Probabilistic data fusion model for heart beat detection from multimodal physiological data

Automatic detection of heart beats constitutes the basis for electrocardiogram (ECG) analysis and mainly relies on detecting QRS complexes. Detection is typically performed by analyzing the ECG signal. However, when signal quality is low, it often leads to the triggering of false alarms. A contemporary approach to reduce false alarm rate is to use multimodal data such as arterial blood pressure (ABP) or photoplethysmogram (PPG) signals. To leverage the correlated temporal nature of these signals, a probabilistic data fusion model for heart beat detection is proposed. A hidden Markov model is used to decode waveforms into segments. A Bayesian network is employed for capturing intersegmental coupling between waveforms and detecting heart beats. The performance of the proposed system was evaluated on a dataset provided by PhysioNet Challenge 2014: Robust Detection of Heart Beats in Multimodal Data.
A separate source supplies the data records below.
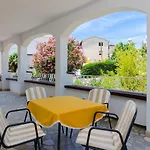 דירה Idyllisches Studio-apartment In Der Altstadt Mit Privatparkplatz Und 400 Meter Zum קריקווניצה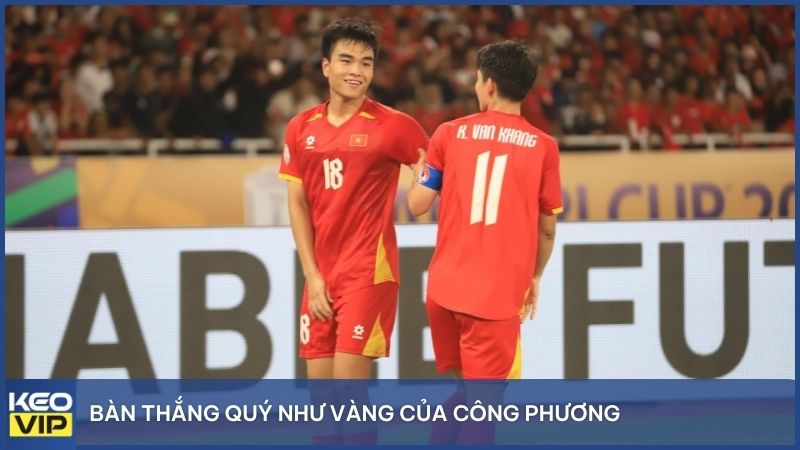 Bàn thắng duy nhất đến ở phút 37 sau tình huống cố định sở trường của Công Phương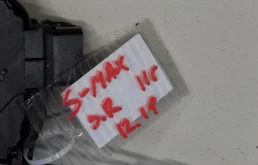 Замок двери задней правой для Ford Galaxy на фотографиях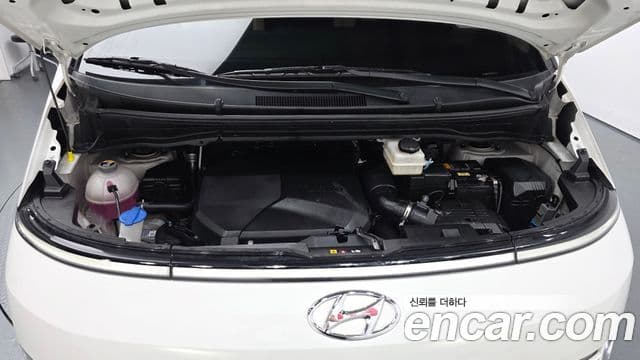 Hyundai Staria 2023 — Фото 6/20
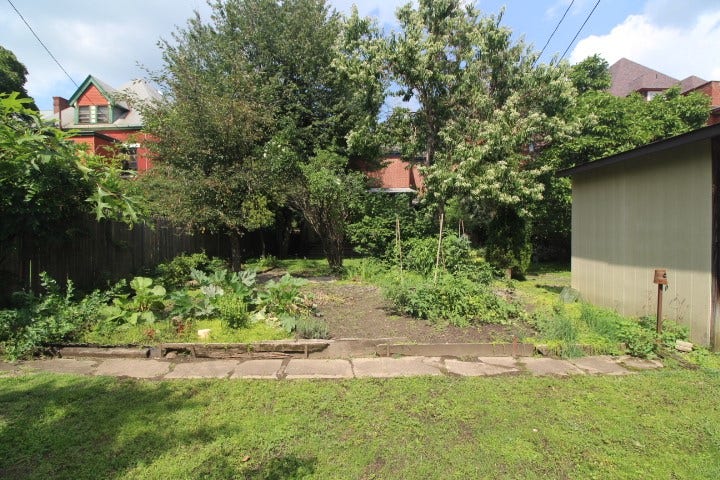 5546 Hays St, Pittsburgh, PA 15206 View from the fence facing Samantha Way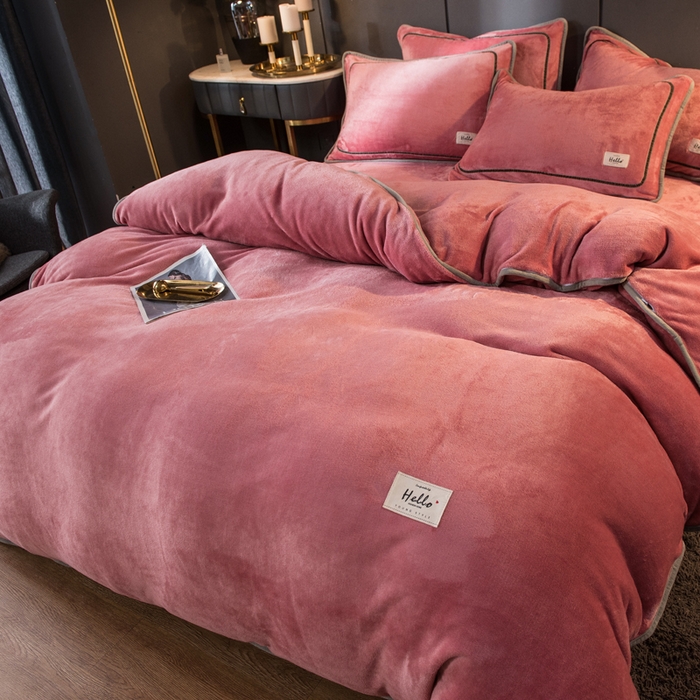 91家纺网 家纺一手货源 找家纺 栩裕纺织 2026新款网红爆款意式轻奢牛奶绒单被套被套单件被套单品 胭脂红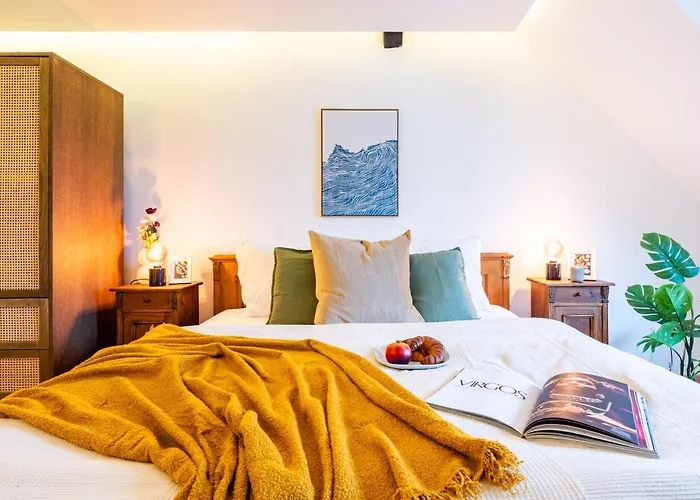 Prague Days - Two Bedroom Riverside Apartment With Gramophone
The proposed method is comparatively analyzed with a baseline hidden Markov model method for ECG and an improvement of 9% in sensitivity and 26% in positive predictivity is observed. The efficiency of the proposed model is also compared with related data fusion methods and a comparable performance is found. The robustness of the method is analyzed by inducting Gaussian noise into the dataset. A performance gain of 31% both in sensitivity and positive predictivity is obtained in the worst case where both ECG and ABP are noisy with -6 dB signal-to-noise ratio.